Note that the second hash function never returns zero. The hashing ensures that all elements are utilised.

First attempt to assign the key to the hash table index using H1(x). If there is a collision then deduce h'(x) (practically start from i = 1 for each* key; h'(x) with i = 0 would always result in a collision). If there is a second collision, then repeat with i = 2. In a way, i signifies the collision no.

See below (n = 9, R = 7). The first hash function for keys ending with 5 are always H1(x) = 5 and the second is H2(x) = 7 - (x % 7).

Overall, h'(x) = [5 + i*(7 - (x % 7))] % 10.

This demonstrates that the mapping of the key is based on the key and is not always consistent. Both linear and quadratic mapping consistently maps keys which collide (e.g. all those ending with the same digit), h'(x) = [x % 10 + f(i)] % 10. The grouping of the keys illustrated with quadratic probing is the same.

#define SIZE 10
#define PRIME 7

//...

int Hash(int key){
    return key % SIZE;
}
 
int PrimeHash(int key){
    return PRIME - (key % PRIME);
}
 
int DoubleHash(int H[], int key){
    int index = Hash(key);
    int i = 0;
    while (H[(Hash(index) + i * PrimeHash(index)) % SIZE] != 0){
        i++;
    }
    return (index + i * PrimeHash(index)) % SIZE;
}
 
void Insert(int H[], int key){
    int index = Hash(key);
 
    if (H[index] != 0){
        index = DoubleHash(H, key);
    }
    H[index] = key;
}
 
int Search(int H[], int key){
    int index = Hash(key);
    int i = 0;
    while (H[(Hash(index) + i * PrimeHash(index)) % SIZE] != key){
        i++;
        if (H[(Hash(index) + i * PrimeHash(index)) % SIZE] == 0){
            return -1;
        }
    }
    return (Hash(index) + i * PrimeHash(index)) % SIZE;
}

Hashing functions

Some general aims:

  • The keys mapped should be uniformly distributed
  • For closed hashing, the size of the hash table must be double the number of keys present.

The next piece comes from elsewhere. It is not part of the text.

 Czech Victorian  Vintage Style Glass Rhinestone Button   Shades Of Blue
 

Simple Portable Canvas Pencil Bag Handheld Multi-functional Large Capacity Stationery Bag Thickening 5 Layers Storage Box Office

Furthermore, the size should equal a prime number, to minimise collisions
  • Hash functions must return the same index for a given key

Other hashing functions include midsquare() and folding().

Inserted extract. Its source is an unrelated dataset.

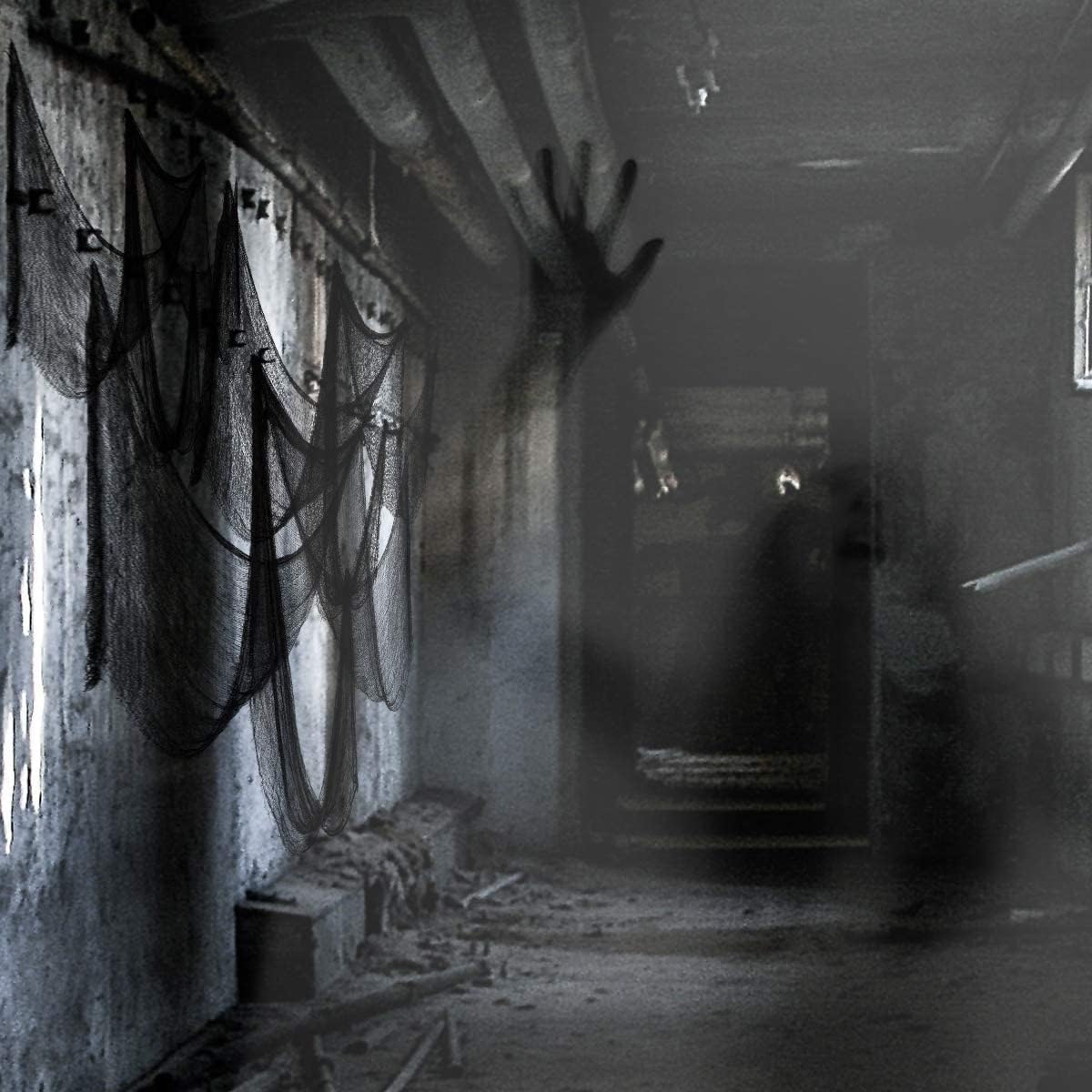 Biubee 5Pcs Halloween Black Creepy Cloth - Spooky Gauze Fabric Cloth for Haunted Horror House Halloween Party Doorway Outdoors Decoration (30" × 72")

‘Midsquare’ squares the key and then returns the middle digit, which is then used as the hash table index. One can also take the middle two digits if the square contains an even number of digits.

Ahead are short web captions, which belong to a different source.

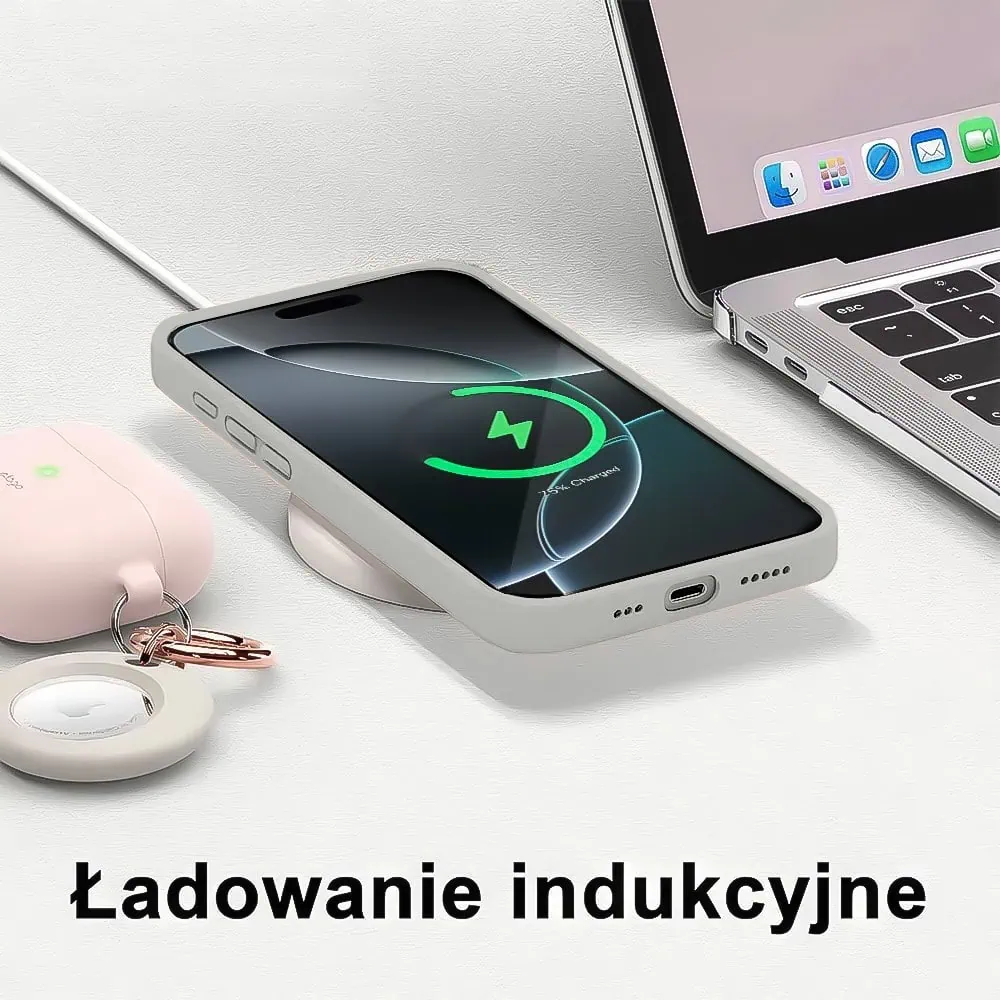 Etui do iPhone 16 Pro Max silikonowe z mikrofibrą soft touch z osłoną na aparat, vintage beż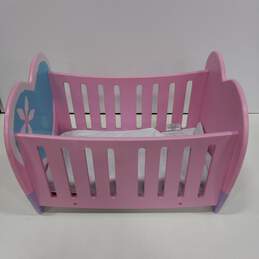 Tolly Tots International Wooden Pink/Blue/Purple Baby Doll Crib (10.50"/15.25"/14.75") alternative image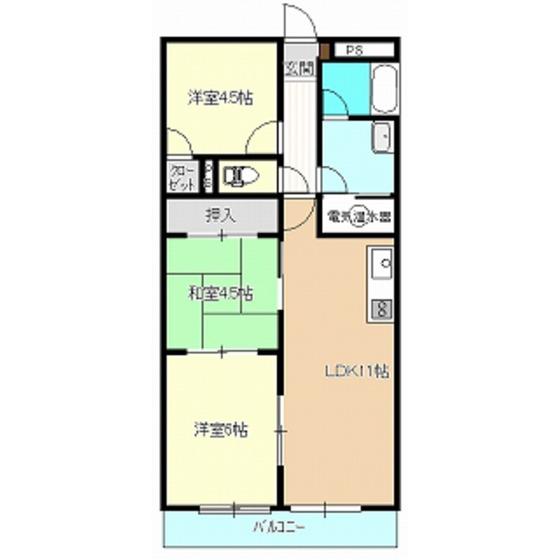 橋市駅前マンション(3LDK/9階)の間取り写真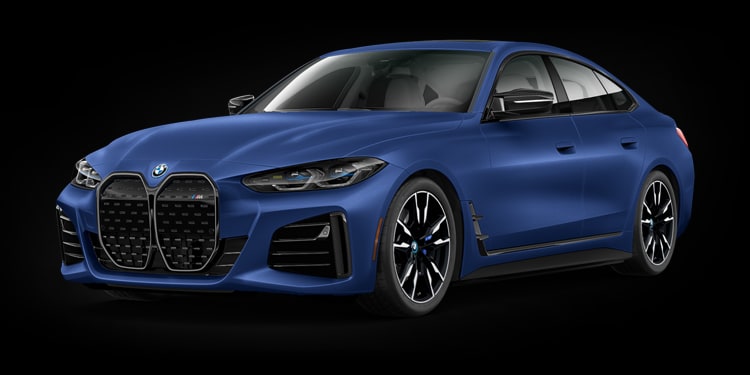 Side view of all-electric BMW i4 M50 Gran Coupe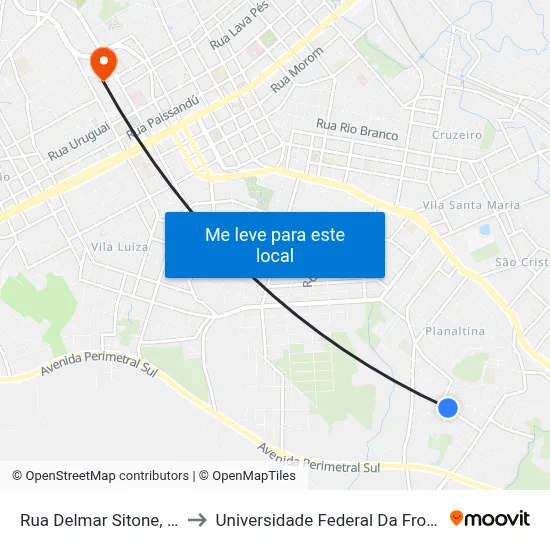 Rua Delmar Sitone, 73-149 to Universidade Federal Da Fronteira Sul map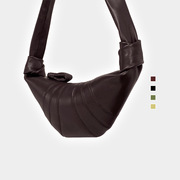French Top-Grain Lambskin Genuine Leather Croissant Bag Dumpling Bag Croissant Bag Crossbody Bag for Women 2025 New Model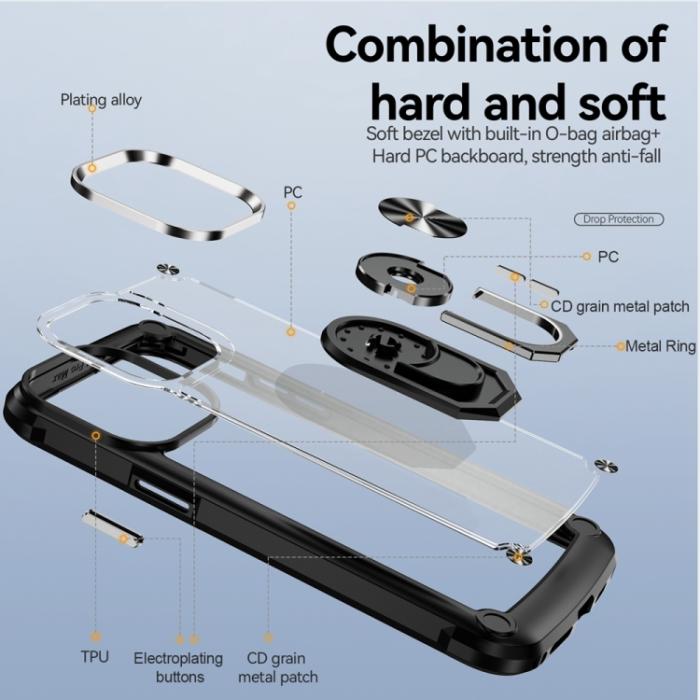 Bild 2, iPhone 15 Pro Skal Shockproof Armor Ring Svart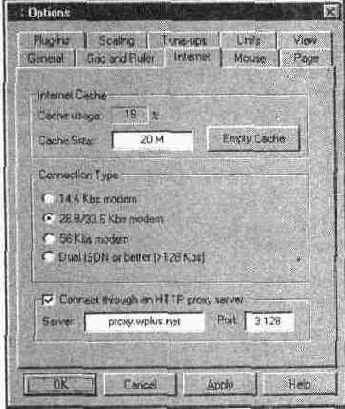 ���������� ���� Options ������� Internet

‘Folding’ involves breaking up a large value into pairs of digits and then summing each pair. 123456 becomes 12 + 34 + 56. If this results in too large an index then one can ‘fold’ the sum.

We have only considered integers as keys so far. For characters, one can convert the character into its ASCII codes and then design a hash function which operates on the ASCII codes. Other languages, for example Java, build hash-codes which identify objects based on various metadata properties such as date stamps, file size etc.